Jeudi 3 octobre, c’est une des ultimes pages de l’histoire coloniale britannique qui s’est tournée, avec la cession par le Royaume-Uni des îles Chagos, un archipel isolé du nord de l’océan Indien, à la République de Maurice. L’Etat insulaire réclamait sa souveraineté sur ce groupe d’atolls paradisiaques depuis plus de cinquante ans. En échange de la rétrocession de ces îles, Maurice s’est engagé auprès de Londres à garantir la présence sur le principal atoll des Chagos, Diego Garcia, d’une base militaire louée par les Britanniques aux Etats-Unis. L’armée américaine y stationne des navires de guerre et des bombardiers.
Le ministre des affaires étrangères britannique, David Lammy, a réagi jeudi, estimant que l’accord « garantit la pérennité de cette base militaire vitale. Cela renforcera notre rôle dans la sauvegarde de la sécurité mondiale, éliminera toute possibilité que l’océan Indien soit utilisé comme une dangereuse route migratoire illégale vers le Royaume-Uni et garantira notre relation à long terme avec Maurice, un proche partenaire du Commonwealth ». Diego Garcia héberge des demandeurs d’asile venus du Sri Lanka, qui devraient se retrouver sous la responsabilité de Maurice.
En 1968, le Royaume-Uni, en plein démantèlement de son empire, avait accordé l’indépendance à Maurice, mais refusé de lui céder les îles Chagos. Les Britanniques avaient même chassé 1 500 à 2 000 Chagossiens des atolls pour installer la base militaire de Diego Garcia. « Nous n’avons pas les yeux bleus, c’est pour cela qu’on nous chasse », « notre traitement est inhumain », témoignaient à la BBC au début des années 1970 quelques-unes de ces personnes expulsées de leurs terres, dans un document sonore rediffusé le 3 octobre sur la BBC Radio 4.

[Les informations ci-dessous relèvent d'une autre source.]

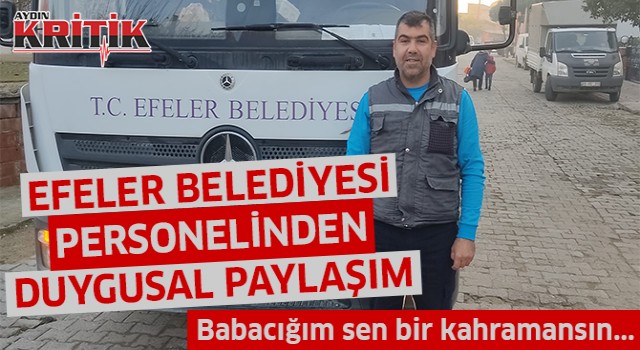 Efeler Belediyesi Personelinden duygusal paylaşım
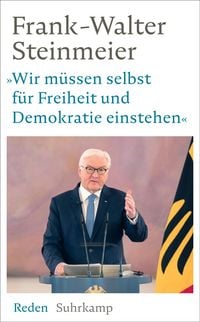 Produktbild: &raquo;Wir m&uuml;ssen selbst f&uuml;r Freiheit und Demokratie einstehen&laquo;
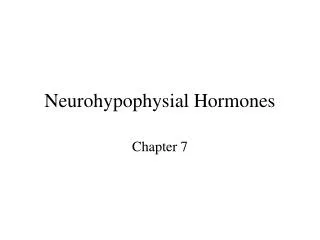Neurohypophysial Hormones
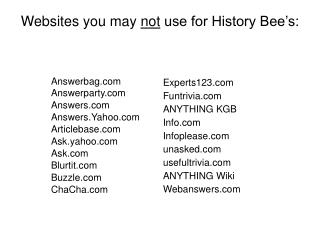 Websites you may not use for History Bee’s:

Une partie de la droite proteste
La République de Maurice (1,2 million d’habitants) a porté le contentieux devant les instances internationales. Entre 2019 et 2021, la Cour internationale de justice, l’Assemblée générale de l’ONU et le Tribunal international du droit de la mer ont tous reconnu la validité de ses revendications territoriales. Pour en finir avec un différend qui ternissait la réputation du Royaume-Uni, notamment vis-à-vis des Etats africains, le gouvernement conservateur de Rishi Sunak s’est résolu à entrer en négociations avec celui de Maurice, en novembre 2022.
Quand il est arrivé à Downing Street, en juillet, le travailliste Keir Starmer a décidé d’accélérer le processus, confiant les pourparlers à Sir Jonathan Powell, un diplomate d’expérience, qui mena les négociations de paix en Irlande du Nord pour Tony Blair. Une partie de la droite britannique a protesté, jeudi, reprochant au Labour un supposé manque de patriotisme.